§ DIRECTIONS: Could you copy exactly the lines from the one containing "Essential Aminos BCAA" through the last line of the records, leaving out every picture?

§ GIVEN INFORMATION:
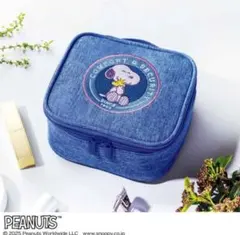 週末限定お値段❣️GLOW特別付録 PEANUTS スヌーピー ミラー付きポーチ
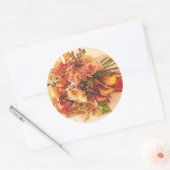 Stickers Sceau Mariage d'automne (Enveloppe)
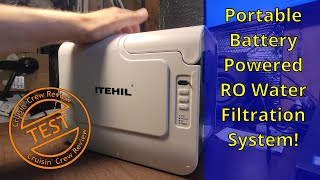 A battery powered reverse osmosis water filtration system  Review [upl. by Maroj]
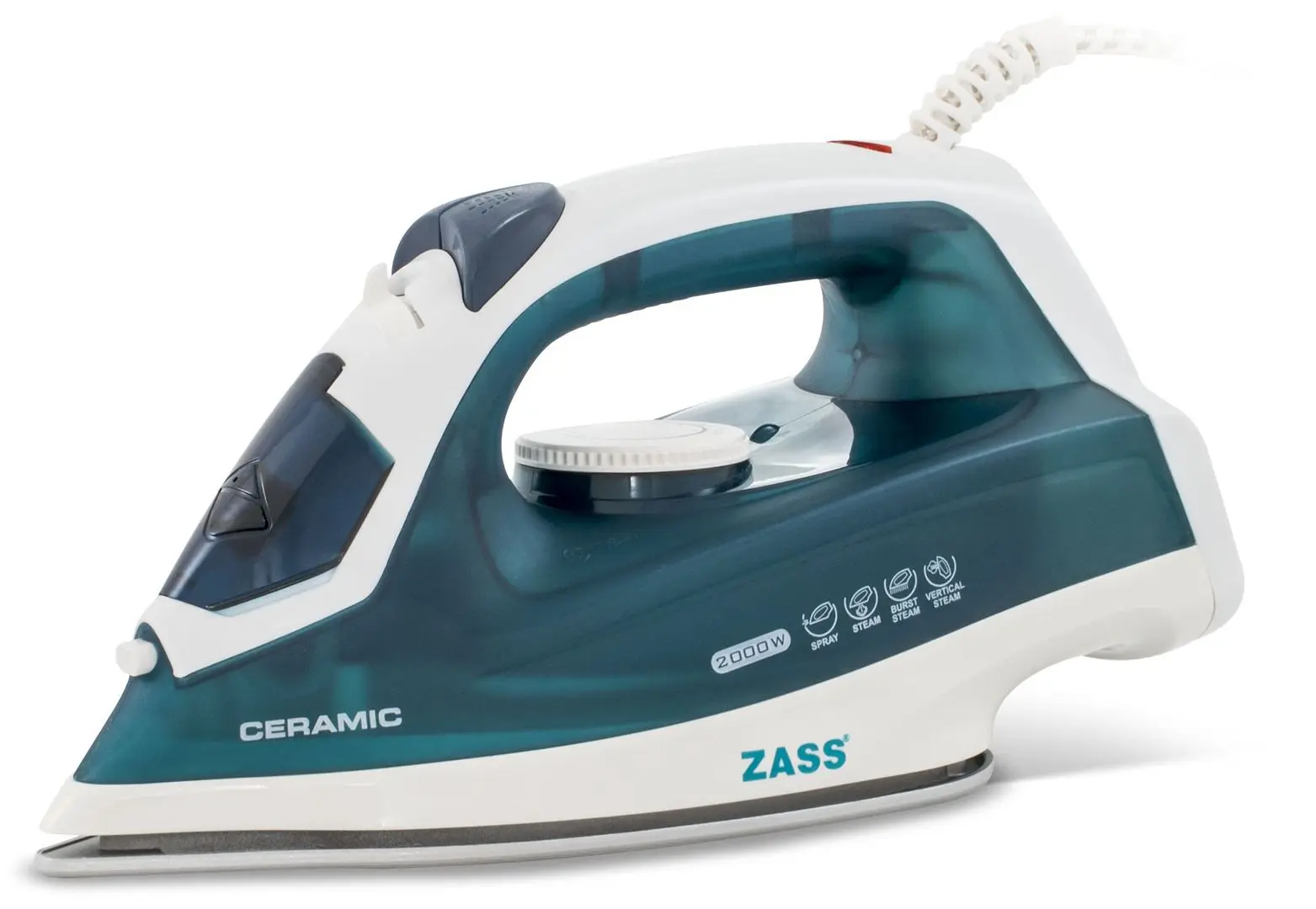 Утюг Zass A 09 (Turquoise/White)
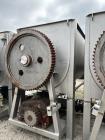 Used- 316 Stainless Steel Double Spiral Ribbon Blender. Approximate 270 Cubic Foot working capacity. Non-Jacketed trough app...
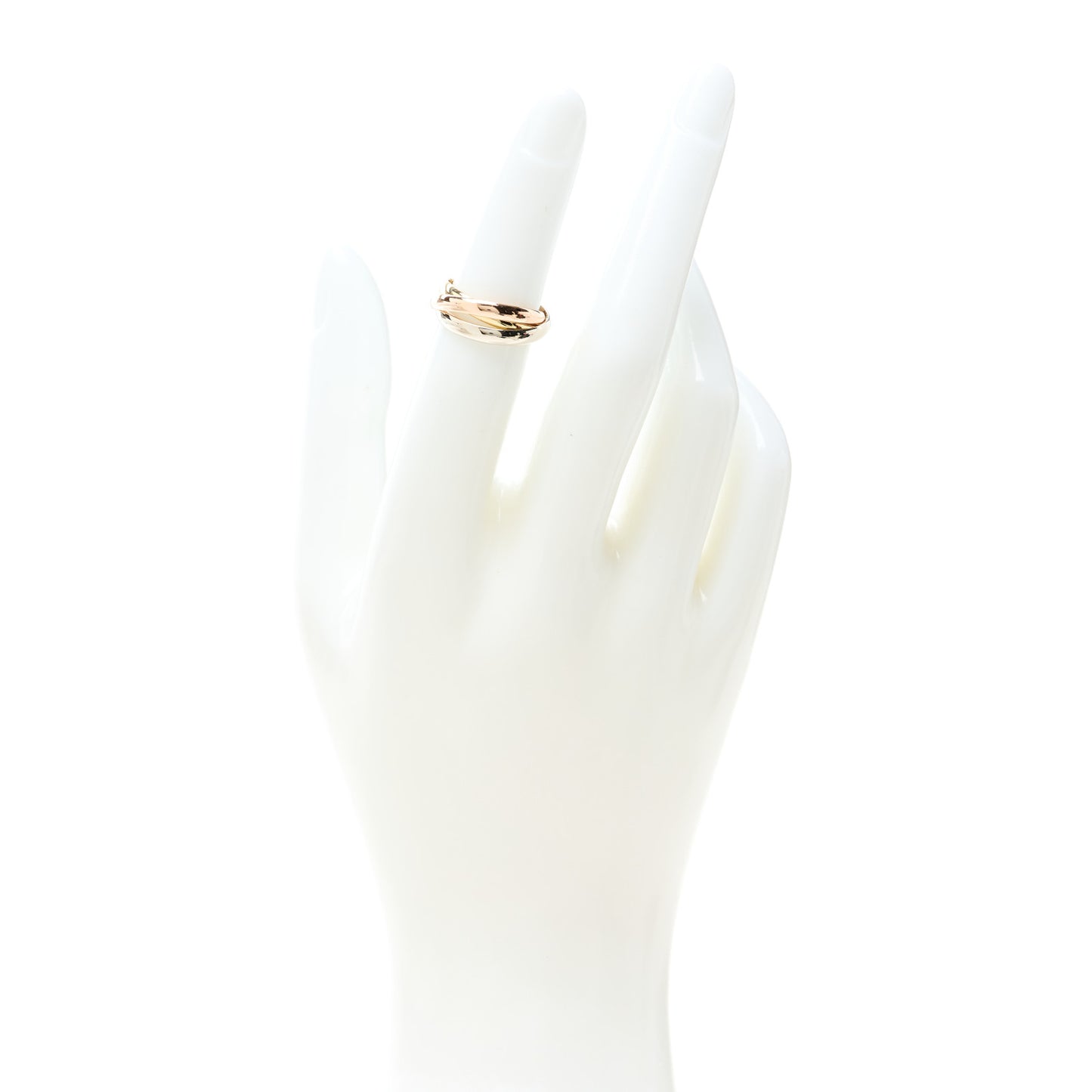 18K Pink Yellow White Gold Small Trinity Ring 47 4
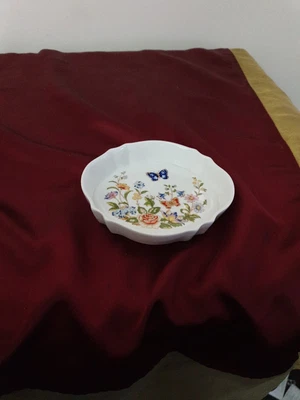 £3 • Buy AYNSLEY Oval Ring Dish Trinket Tray Floral Butterfly Bone China 5  Vintage
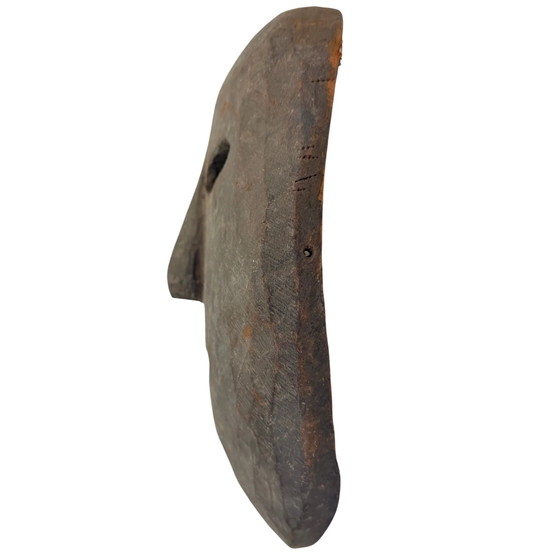 Antique Nepalese Shaman's Mask – Himalayan Wooden Face Mask – Sculpture (photo 4 of 6)
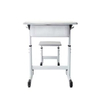 Height Adjustable Desk And Stool Combo with Book Box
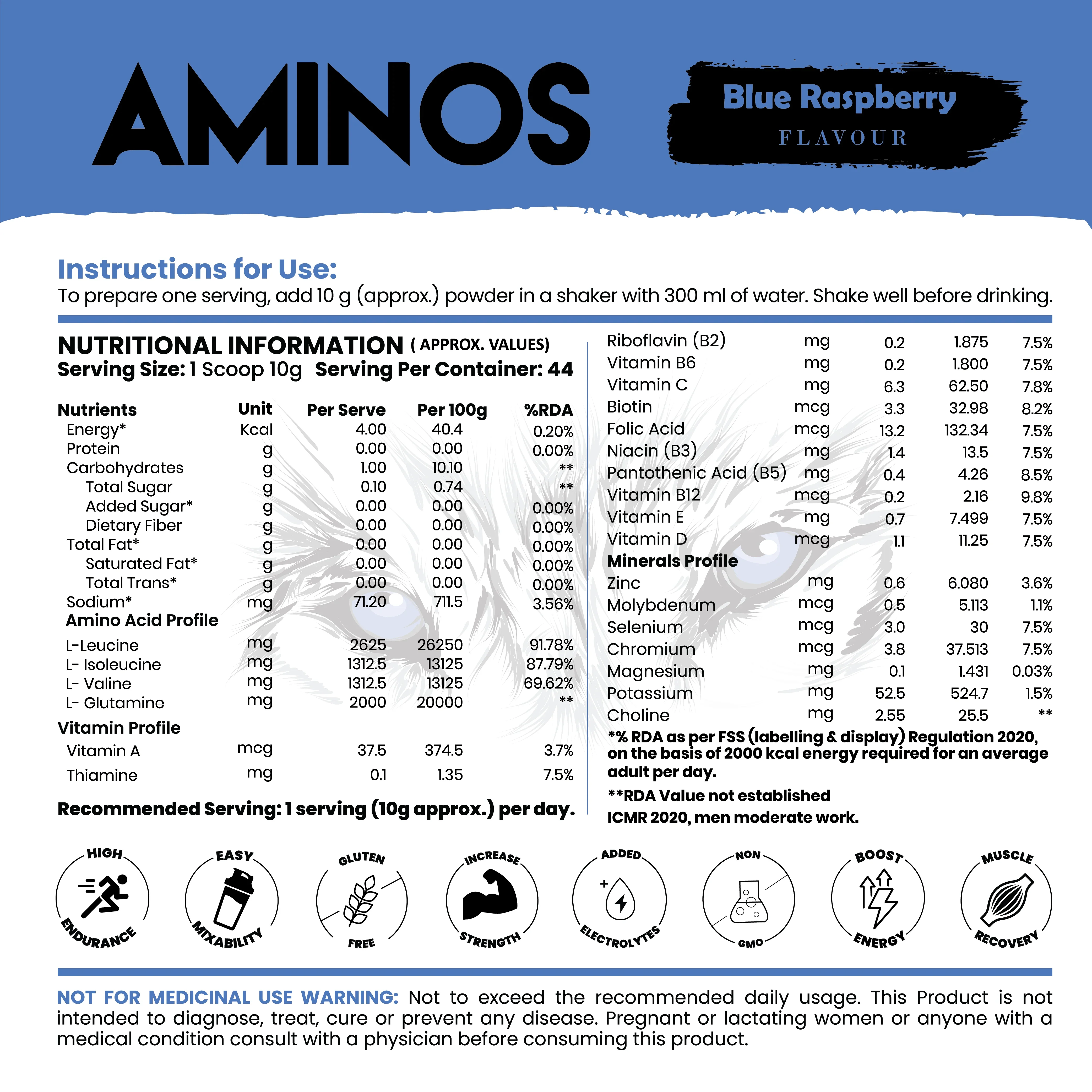 Essential Aminos BCAA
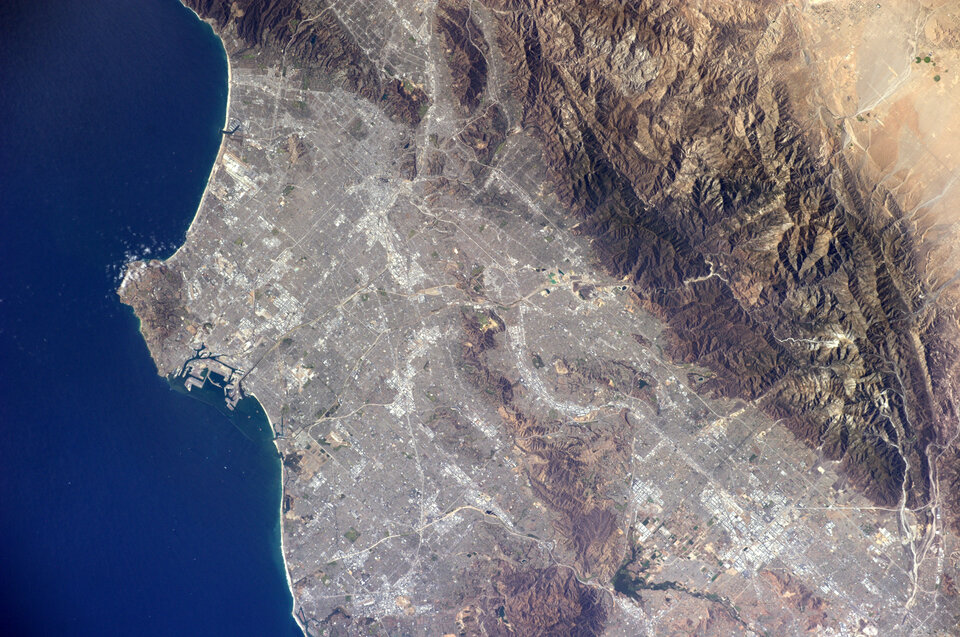 Los Angeles from space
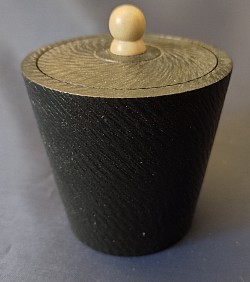 Ebonised Lidded Pot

§ FINAL ANSWER:
 Essential Aminos BCAA
 Los Angeles from space
 Ebonised Lidded Pot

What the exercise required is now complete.